Data excerpts section start
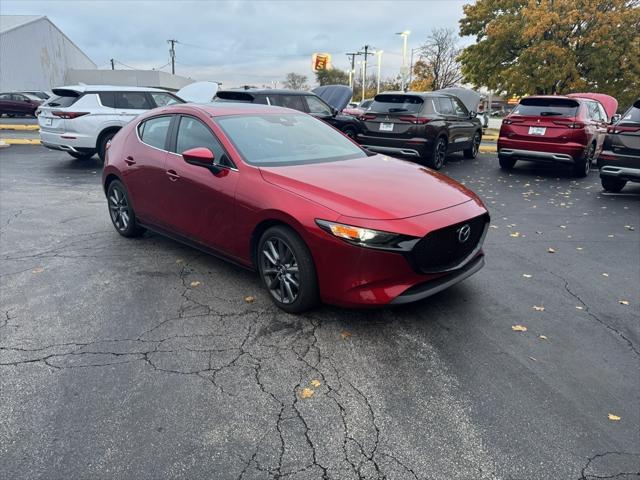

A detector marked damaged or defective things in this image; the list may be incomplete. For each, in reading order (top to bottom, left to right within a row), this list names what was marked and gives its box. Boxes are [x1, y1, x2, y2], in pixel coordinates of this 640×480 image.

cracked asphalt parking lot [0, 146, 636, 480]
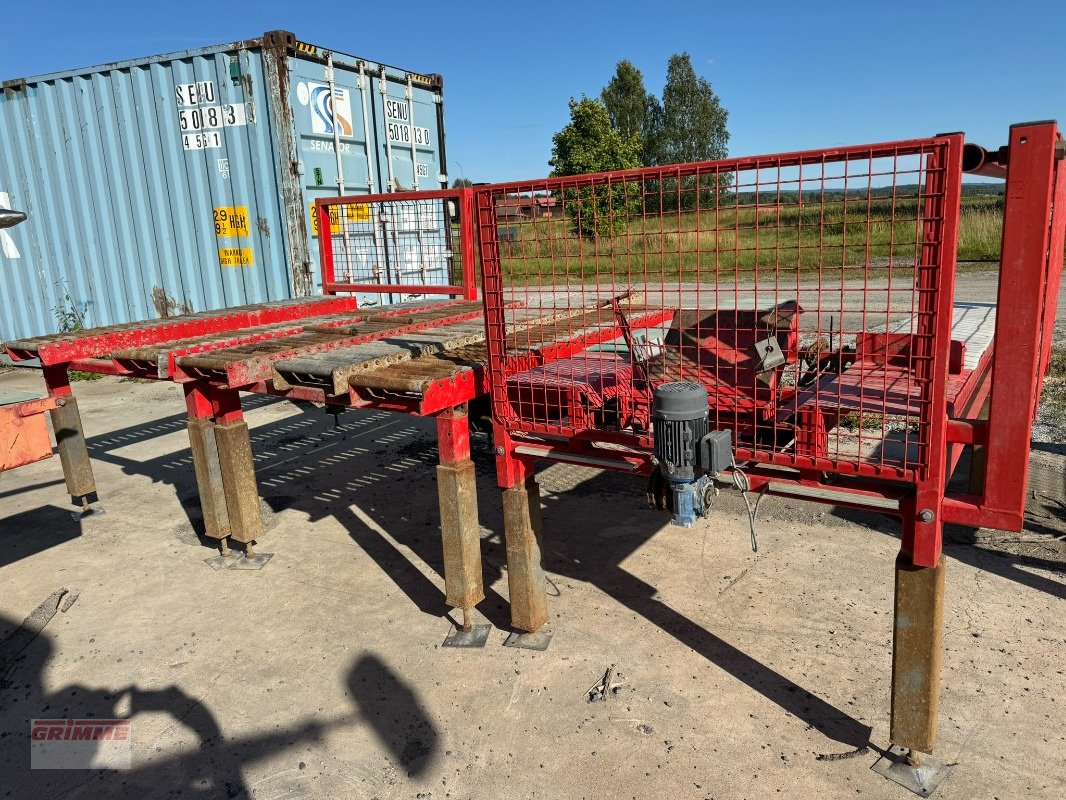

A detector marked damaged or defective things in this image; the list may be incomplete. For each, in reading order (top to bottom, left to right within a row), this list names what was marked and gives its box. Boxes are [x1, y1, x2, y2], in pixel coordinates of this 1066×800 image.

rusty steel leg [43, 364, 96, 507]
rusty steel leg [184, 384, 230, 546]
rusty steel leg [210, 390, 264, 550]
rusty steel leg [434, 407, 488, 652]
rusty steel leg [501, 473, 550, 635]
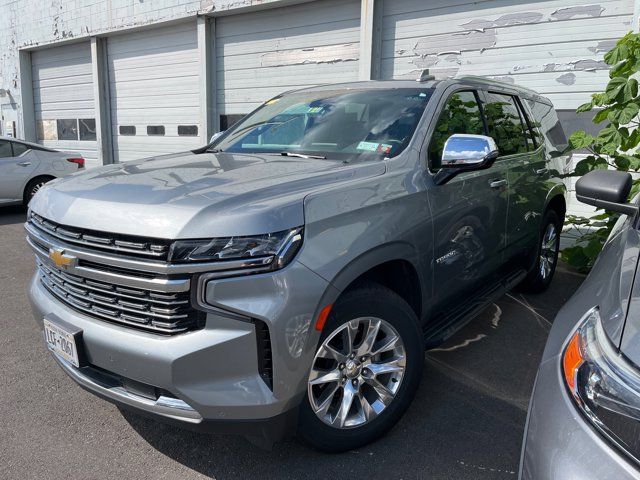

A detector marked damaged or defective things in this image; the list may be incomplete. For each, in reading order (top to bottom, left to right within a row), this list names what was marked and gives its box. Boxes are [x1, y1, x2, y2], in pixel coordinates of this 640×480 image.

peeling white paint [260, 43, 360, 67]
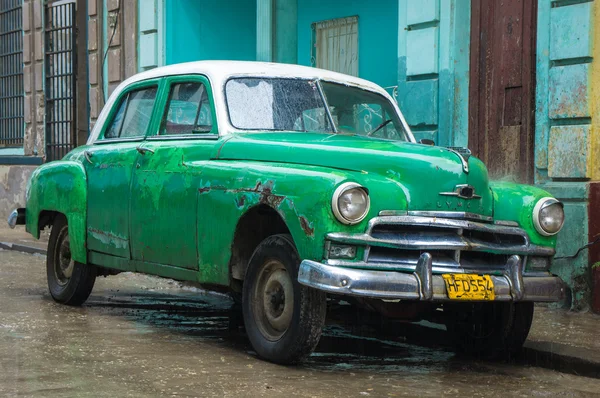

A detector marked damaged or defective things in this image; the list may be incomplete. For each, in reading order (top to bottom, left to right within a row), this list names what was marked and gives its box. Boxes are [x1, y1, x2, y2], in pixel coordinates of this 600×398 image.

cracked windshield [224, 77, 408, 140]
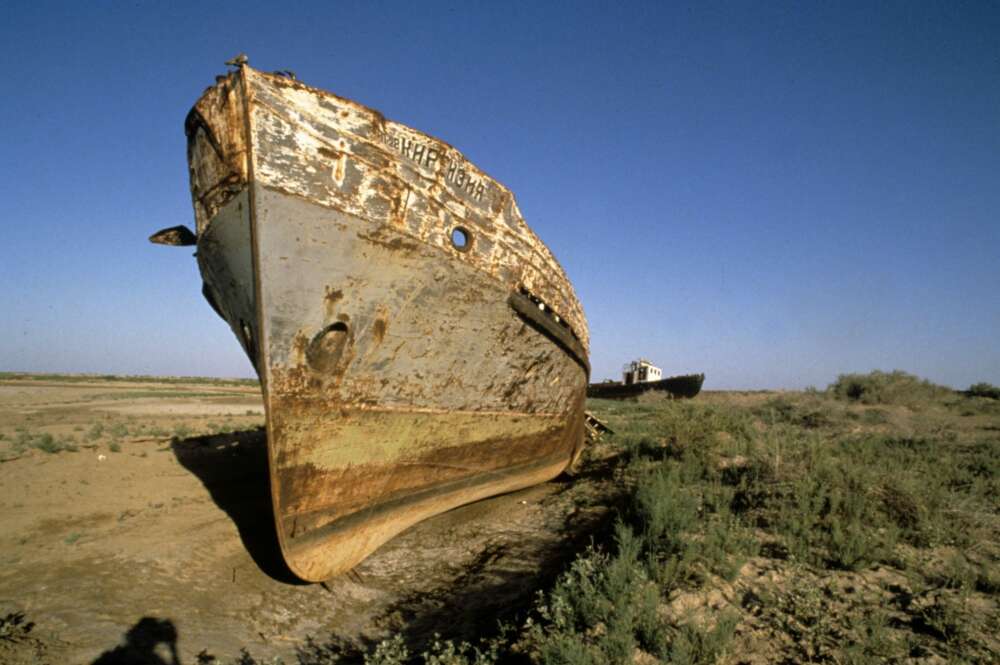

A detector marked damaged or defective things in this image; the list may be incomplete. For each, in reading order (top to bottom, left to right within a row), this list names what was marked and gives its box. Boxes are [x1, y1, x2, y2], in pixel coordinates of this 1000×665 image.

abandoned rusty ship [152, 58, 588, 580]
corroded metal surface [177, 63, 588, 580]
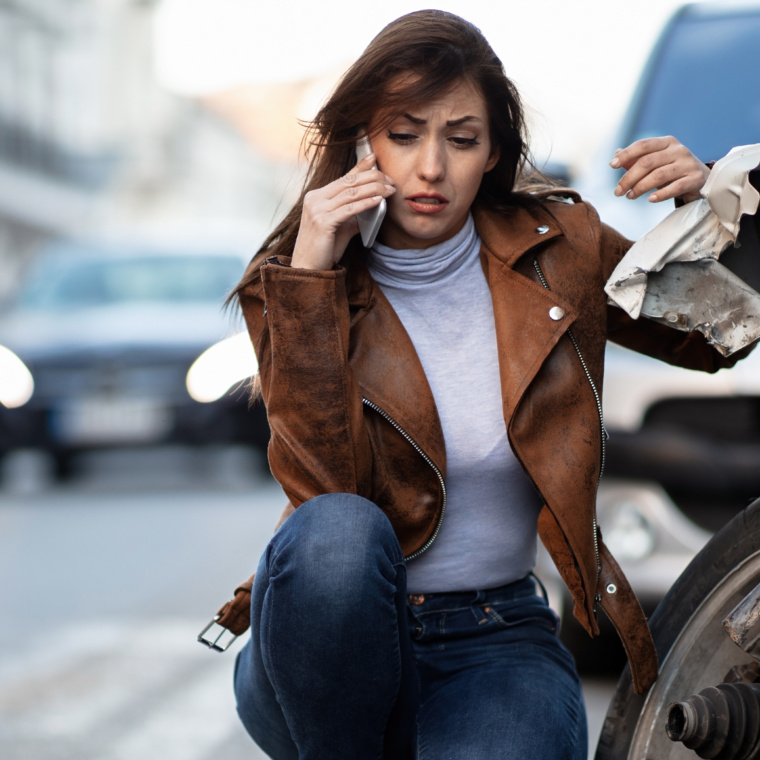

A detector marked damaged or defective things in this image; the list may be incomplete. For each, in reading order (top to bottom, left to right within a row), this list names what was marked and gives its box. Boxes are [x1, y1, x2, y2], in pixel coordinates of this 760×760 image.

crumpled metal [604, 145, 760, 356]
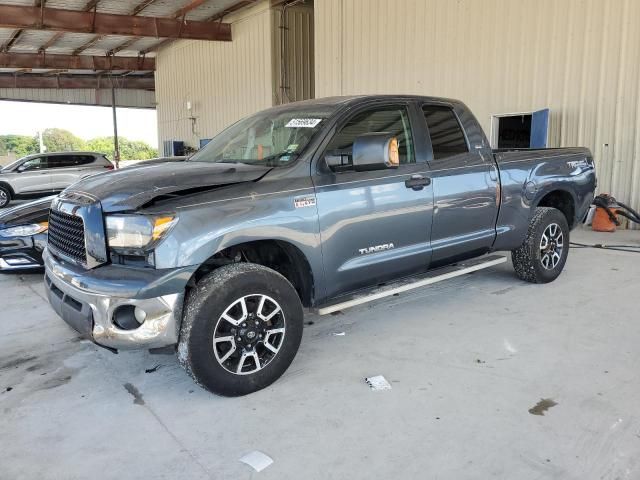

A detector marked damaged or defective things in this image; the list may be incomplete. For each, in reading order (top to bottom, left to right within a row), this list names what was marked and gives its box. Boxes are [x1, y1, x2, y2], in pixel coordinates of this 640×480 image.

crumpled hood [65, 161, 272, 212]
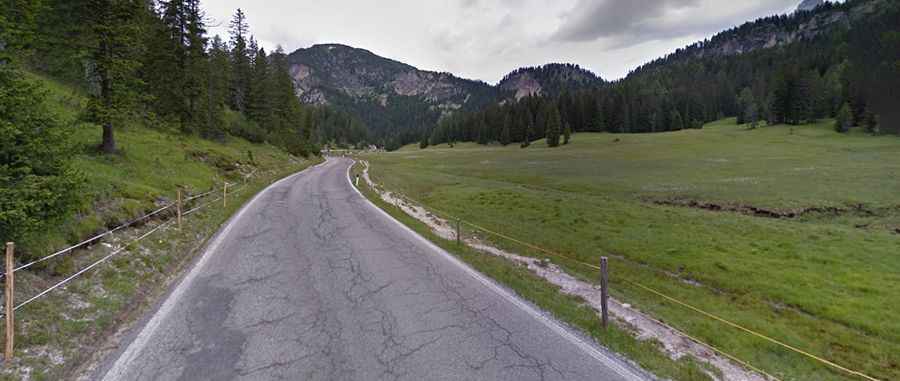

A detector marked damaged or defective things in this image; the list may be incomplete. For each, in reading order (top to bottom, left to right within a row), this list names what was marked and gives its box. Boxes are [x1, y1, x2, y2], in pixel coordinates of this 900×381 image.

cracked road surface [100, 156, 648, 378]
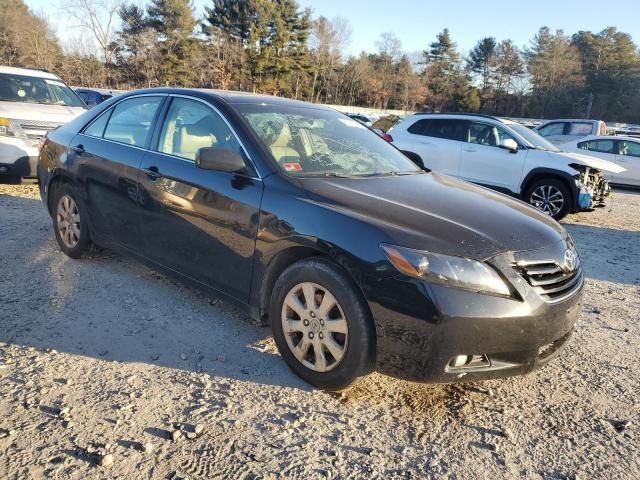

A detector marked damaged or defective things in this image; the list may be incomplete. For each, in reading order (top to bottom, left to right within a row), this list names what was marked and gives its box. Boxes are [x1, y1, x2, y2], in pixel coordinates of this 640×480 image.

damaged white vehicle [390, 114, 624, 221]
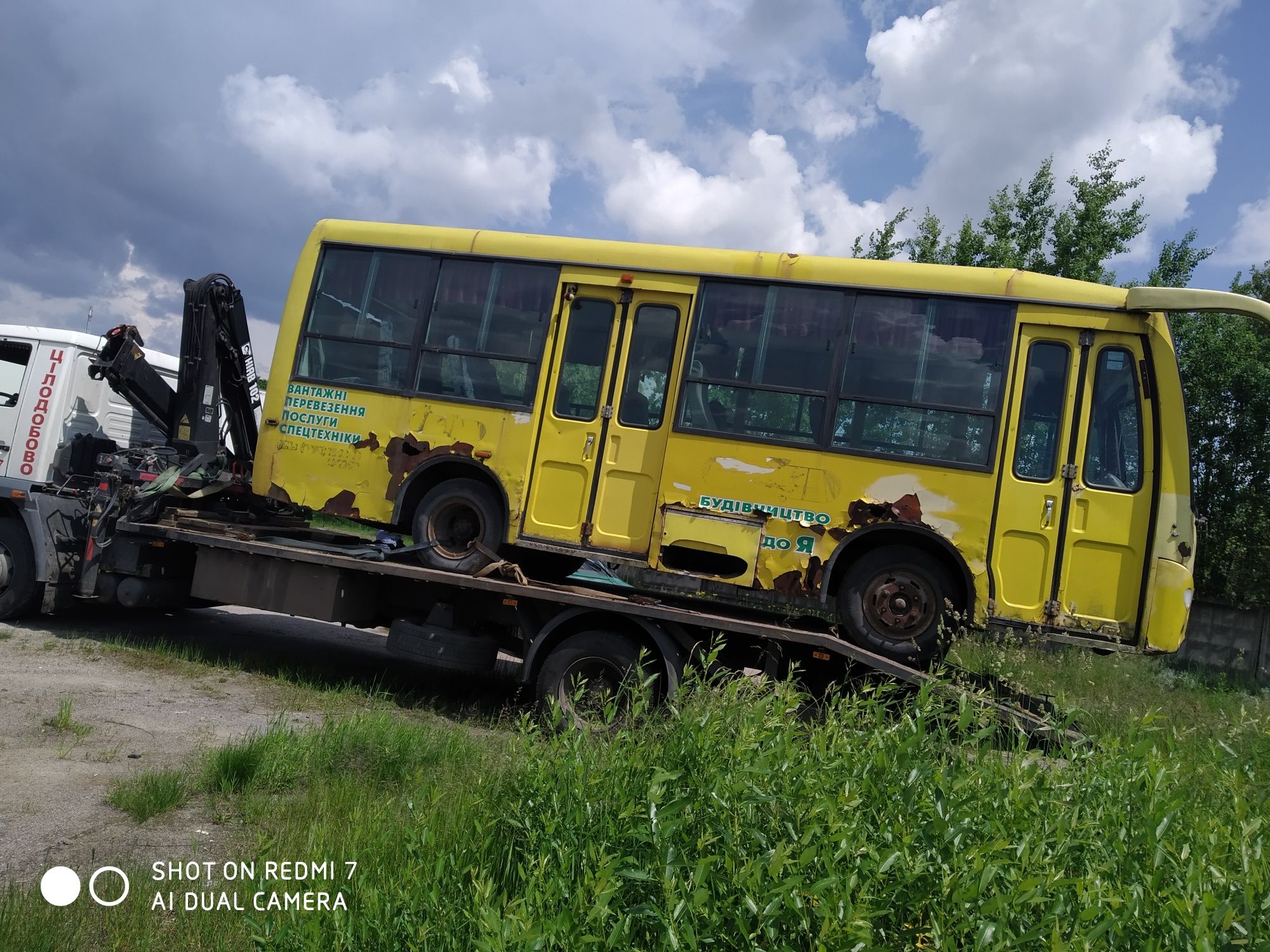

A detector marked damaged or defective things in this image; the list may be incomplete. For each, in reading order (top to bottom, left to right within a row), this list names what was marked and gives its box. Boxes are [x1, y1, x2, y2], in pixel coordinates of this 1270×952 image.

peeling paint [716, 459, 772, 475]
damaged yellow bus [250, 220, 1270, 665]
Data excerpts section end
▶ Exercise prompt
Output, exactly and without pictures, the lines above that run from the one containing "this 1000×665 image." through the last line of the entries, inclusive.

▶ Output below
A detector marked damaged or defective things in this image; the list may be incomplete. For each, in reading order (top to bottom, left to right within a row), this list names what was marked and gives its box. Boxes are [x1, y1, x2, y2], in pixel coordinates of this 1000×665 image.

abandoned rusty ship [152, 58, 588, 580]
corroded metal surface [177, 63, 588, 580]

A detector marked damaged or defective things in this image; the list may be incomplete. For each, in reading order (top to bottom, left to right within a row), this list names what was marked and gives its box. Boxes are [x1, y1, x2, y2], in pixel coordinates of this 760×760 image.

crumpled metal [604, 145, 760, 356]

A detector marked damaged or defective things in this image; the list may be incomplete. For each, in reading order (top to bottom, left to right within a row), this list names what was marked and gives its box. Boxes are [x1, y1, x2, y2], in pixel coordinates of this 640×480 image.

crumpled hood [65, 161, 272, 212]

A detector marked damaged or defective things in this image; the list may be incomplete. For each, in reading order (top to bottom, left to right within a row), this list names what was marked and gives its box. Boxes are [x1, y1, x2, y2], in pixel coordinates of this 900×381 image.

cracked road surface [100, 156, 648, 378]

A detector marked damaged or defective things in this image; the list may be incomplete. For each, in reading order (top to bottom, left to right within a row), this list names what was marked and gives its box. Boxes are [x1, y1, x2, y2], in pixel coordinates of this 640×480 image.

damaged white vehicle [390, 114, 624, 221]

A detector marked damaged or defective things in this image; the list may be incomplete. For each, in reading order (top to bottom, left to right within a row), this list names what was marked and gives its box. Boxes are [x1, y1, x2, y2], in pixel coordinates of this 1270×952 image.

peeling paint [716, 459, 772, 475]
damaged yellow bus [250, 220, 1270, 665]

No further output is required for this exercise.